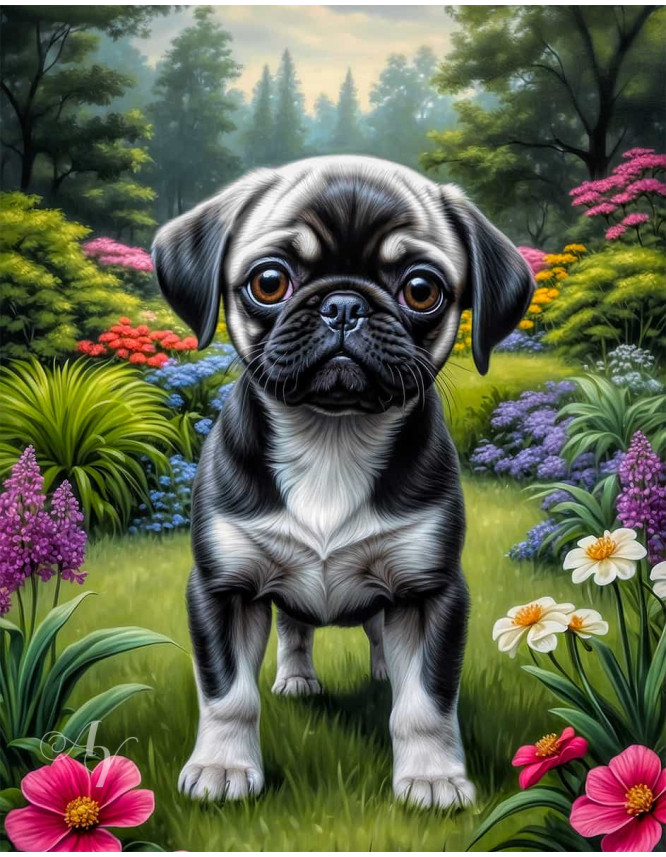 Puggle Dog Portrait Paintings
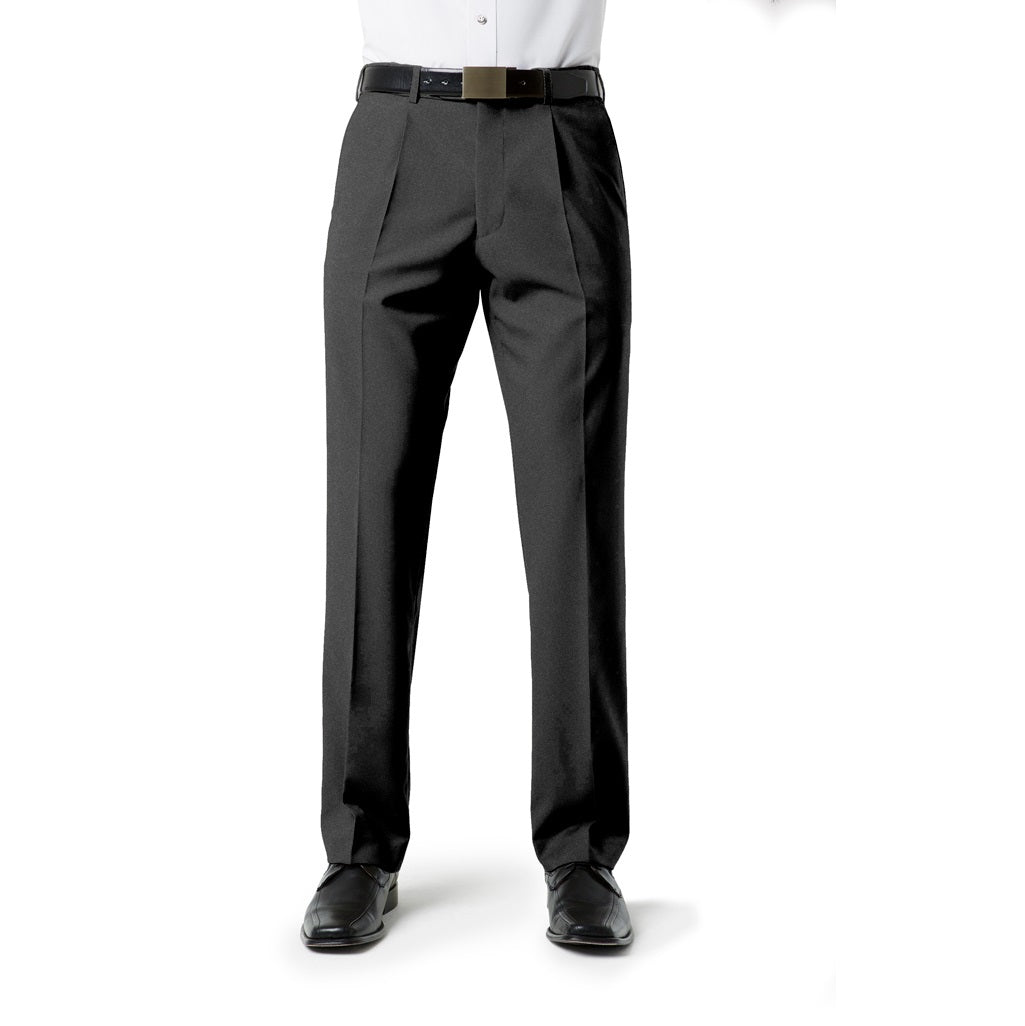Biz Collection BS29110 Classic Mens Pleat Pant - Charcoal - Back View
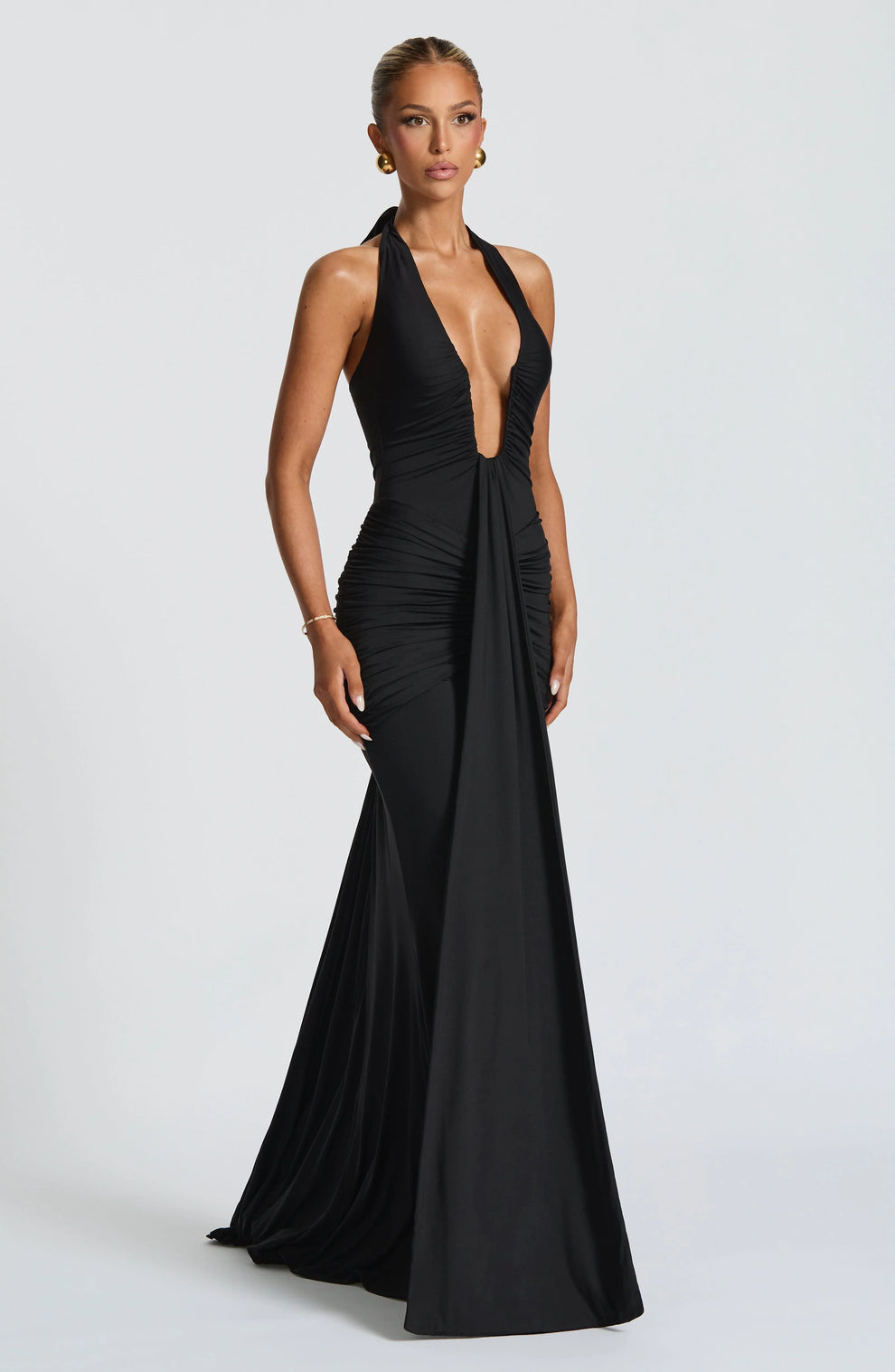 Draped Jersey Maxi Dress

YOUR GOAL>
Reprint the whole listing above exactly, taking out the pictures.

RESPONSE>
 Puggle Dog Portrait Paintings
Biz Collection BS29110 Classic Mens Pleat Pant - Charcoal - Back View
 Draped Jersey Maxi Dress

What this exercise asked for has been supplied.